National Geological Monuments of India
- Official name: Pillow lavas, Iron ore belt, Nomira
- Designated: 1976
- Designated by: Geological Survey of India

= Pillow lavas, Nomira =

Geological formation in Odisha, India

Pillow lavas at Nomira is a geological formation in the iron ore mining belt in Kendujhar district of the Indian state of Odisha. It was notified as a National Geological Monument by the Geological Survey of India in 1976.

==Geography==
The geological formation is located on a 500 m high low-lying hill in Kendujhar district, Odisha. The geological site, spread over 2.5 acres, was notified as a National Geological Monument by the Geological Survey of India in 1976.

==Geology==
The generalised stratigraphy of the region comprises Craton Cover sequences, including the Kolhan Group (~200 Ma), the Singhbhum Batholith (3.1–3.3 Ga), the Keonjhar-Bhaunra Pluton (~3.29 Ga), the Iron Ore Group (~3.51 Ga), consisting of tuff, dolomite, basalt, dacite, and rhyolite, and the older Old Metamorphic Group (>3.6 Ga), including tonalite gneiss.

Pillow lavas at Nomira are a well-preserved exposure of volcanic formations on the face of the low hillock in the Iron Ore Group. It provides geological evidence of Archean submarine volcanism and represents one of the oldest greenstone sequences in India. The pillow structures are formed from Archean basaltic volcanic rocks. The pillows are nearly spherical and closely packed, measuring up to 2 × 0.6 m. The lavas and associated pyroclastic tuffs are surrounded by shale, chert-shale and banded hematite-jasper, while quartzite occurs within the sequence. Lineations and scrape marks may also occur on the sides of the pillows.

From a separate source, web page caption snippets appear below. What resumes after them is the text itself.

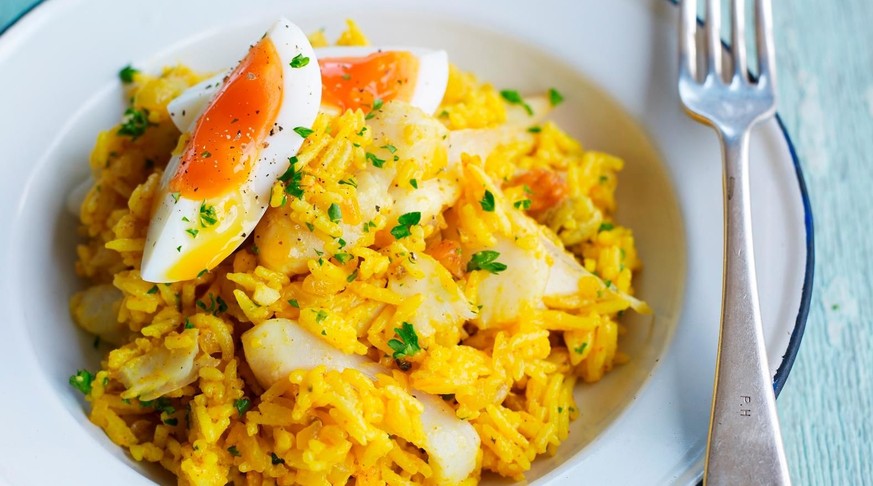 kedgeree fisch eier reis indisch britisch englisch frühstück http://goodfood.uktv.co.uk/recipe/classic-kedgeree/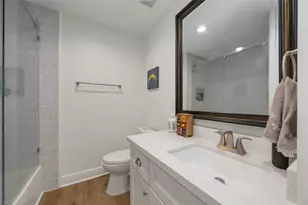 2011 De Milo Dr, Houston, TX 77018 - Photo 14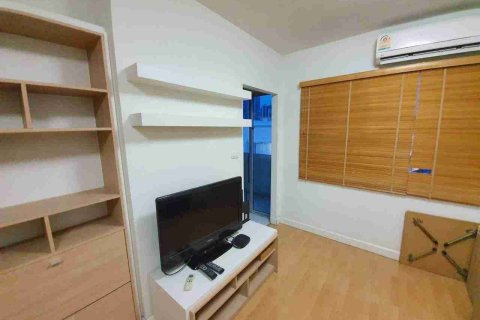 Condominio de 1 dormitorio en Bangkok, Tailandia № 208657 - foto 4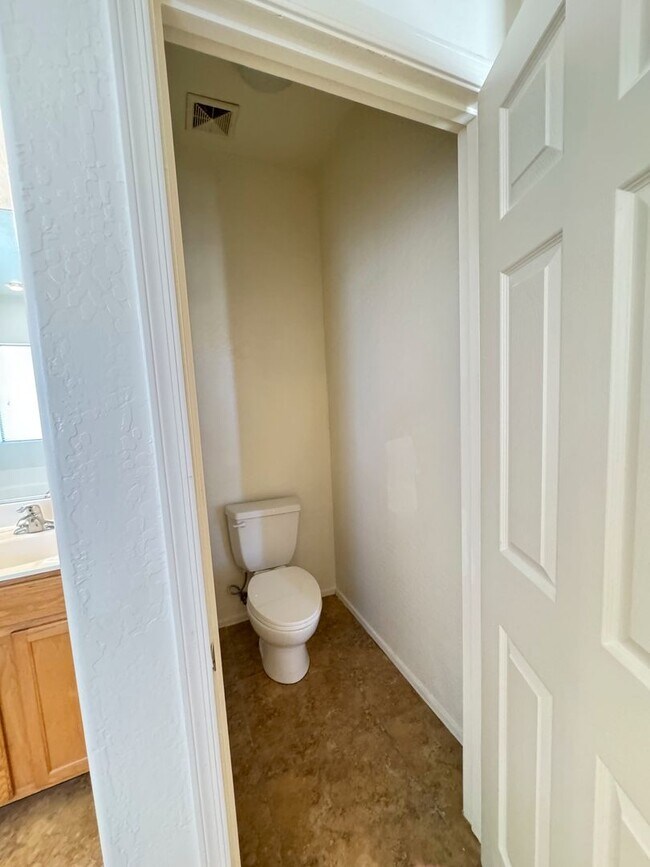 Building Photo - Queen Creek 4 bed 2.5 bath For rent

The pillow lavas formed when hot basaltic lava was extruded underwater. The sudden contact with cold water caused the outer surface of the lava to cool rapidly and form a fine-grained, glassy crust, while the interior cooled more slowly. Slow extrusion allowed thick crusts to develop around individual lava lobes, producing the characteristic pillow-shaped structures. Successive pillows accumulated to form pillow flows, often producing steep-sided mounds or ridges.